There are lots of different ways to kill processes using Linux. For instance I previously wrote a guide showing "5 ways to kill a Linux program" and I have written a further guide called "Kill any application with a single command".

As part of the "5 ways to kill a Linux program" I introduced you to the PKill command and in this guide I will be expanding on the usage and available switches for the PKill command.

PKill

The PKill command allows you to kill a program simply by specifying the name. For instance if you want to kill all open terminals with the same process ID you can type the following:

pkill term

You can return a count of the number of processes killed by supplying the -c switch as follows:

pkill -c <programname>

The output will simply be the number of processes killed.

To kill all the processes for a particular user run the following command:

pkill -u <userid>

To find the effective user id for a user use the ID command as follows:

id -u <username>

For example:

id -u gary

You can also kill all the processes for a particular user using the real user ID as follows:

pkill -U <userid>

The real user ID is the ID of the user running the process. In most cases it will be the same as the effective user but if the process was run using elevated privileges then the real user ID of the person running the command and the effective user will be different.

To find the real user ID use the following command.

id -ru <userid>


You can also kill all the programs in a particular group by using the following commands

pkill -g <processgroupid>
pkill -G <realgroupid>

The process group id is the group id running the process whereas the real group id is the process group of the user who physically ran the command.

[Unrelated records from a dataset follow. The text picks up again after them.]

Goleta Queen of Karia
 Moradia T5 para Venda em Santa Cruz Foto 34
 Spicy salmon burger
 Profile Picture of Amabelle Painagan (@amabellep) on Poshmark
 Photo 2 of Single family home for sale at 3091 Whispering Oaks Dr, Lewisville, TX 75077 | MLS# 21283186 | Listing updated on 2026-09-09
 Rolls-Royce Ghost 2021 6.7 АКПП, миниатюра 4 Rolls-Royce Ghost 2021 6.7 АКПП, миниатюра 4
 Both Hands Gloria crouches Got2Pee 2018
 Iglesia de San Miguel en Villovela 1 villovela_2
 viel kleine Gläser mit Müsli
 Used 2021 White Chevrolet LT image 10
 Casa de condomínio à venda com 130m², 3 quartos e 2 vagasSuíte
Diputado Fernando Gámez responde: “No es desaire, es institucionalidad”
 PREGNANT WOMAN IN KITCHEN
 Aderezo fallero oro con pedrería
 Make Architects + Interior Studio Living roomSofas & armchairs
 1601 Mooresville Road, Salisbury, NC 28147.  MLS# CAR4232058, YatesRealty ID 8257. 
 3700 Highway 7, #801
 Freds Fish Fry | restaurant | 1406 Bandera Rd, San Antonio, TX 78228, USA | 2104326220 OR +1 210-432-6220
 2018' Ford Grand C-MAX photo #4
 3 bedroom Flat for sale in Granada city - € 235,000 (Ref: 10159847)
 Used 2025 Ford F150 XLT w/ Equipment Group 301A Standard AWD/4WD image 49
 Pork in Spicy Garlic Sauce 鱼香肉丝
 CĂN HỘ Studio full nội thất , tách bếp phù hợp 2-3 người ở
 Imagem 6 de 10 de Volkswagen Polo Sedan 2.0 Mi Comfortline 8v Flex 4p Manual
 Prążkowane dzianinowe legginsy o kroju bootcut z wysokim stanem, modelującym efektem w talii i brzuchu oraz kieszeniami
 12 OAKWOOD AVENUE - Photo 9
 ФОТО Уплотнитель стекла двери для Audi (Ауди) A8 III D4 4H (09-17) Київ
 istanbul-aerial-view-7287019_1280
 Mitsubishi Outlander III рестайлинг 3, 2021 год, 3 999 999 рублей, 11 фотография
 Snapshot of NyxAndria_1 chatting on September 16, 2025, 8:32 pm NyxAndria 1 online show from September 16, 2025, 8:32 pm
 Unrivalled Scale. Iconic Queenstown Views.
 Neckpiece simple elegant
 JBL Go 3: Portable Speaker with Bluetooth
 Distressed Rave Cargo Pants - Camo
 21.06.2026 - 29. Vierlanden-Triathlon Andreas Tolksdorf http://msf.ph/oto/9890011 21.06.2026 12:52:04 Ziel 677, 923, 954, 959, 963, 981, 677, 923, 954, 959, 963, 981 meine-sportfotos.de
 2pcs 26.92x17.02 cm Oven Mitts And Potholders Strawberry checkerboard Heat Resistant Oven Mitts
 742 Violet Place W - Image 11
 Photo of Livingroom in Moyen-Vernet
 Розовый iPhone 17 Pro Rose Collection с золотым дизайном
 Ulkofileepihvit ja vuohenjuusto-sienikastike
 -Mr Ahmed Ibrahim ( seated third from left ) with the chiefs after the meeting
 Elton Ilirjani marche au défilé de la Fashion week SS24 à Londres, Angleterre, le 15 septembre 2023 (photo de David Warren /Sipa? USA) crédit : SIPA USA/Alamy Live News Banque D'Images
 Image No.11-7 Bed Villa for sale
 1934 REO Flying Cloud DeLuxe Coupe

These may be different if the command was ran using elevated privileges.

To find the group id for a user run the following ID command:

id -g

To find the real group id using the following ID command:

id -rg

You can limit the amount of processes pkill actually kills. For instance killing all of a users processes is probably not what you want to do. But you can kill their latest process by running the following command.

pkill -n <programname>

Alternatively to kill the oldest program run the following command:

pkill -o <programname>

Imagine two users are running Firefox and you just want to kill the version of Firefox for a particular user you can run the following command:

pkill -u <uid> firefox

You can kill all processes which have a specific parent ID. To do so run the following command:

pkill -P <parentprocessID>

You can also kill all processes with a specific session ID by running the following command:

pkill -s <sessionID>

Finally you can also kill all processes running on a particular terminal type by running the following command:

pkill -t <terminal>

If you want to kill a lot of processes you can open a file using an editor such as nano and enter each process on a separate line. After saving the file you can run the following command to read the file and kill each process listed within it.

pkill -F /path/to/file

The Pgrep Command

Before running the pkill command it is worth seeing what the effect of the pkill command will be by running the pgrep command.

The pgrep command uses the same switches as the pkill command and a few extra ones.

Summary

This guide has shown you how to kill processes using the pkill command. Linux certainly has plenties of options available for killing processes including killall, kill, xkill, using the system monitor and the top command.

It is up to you to choose which one is suitable for you.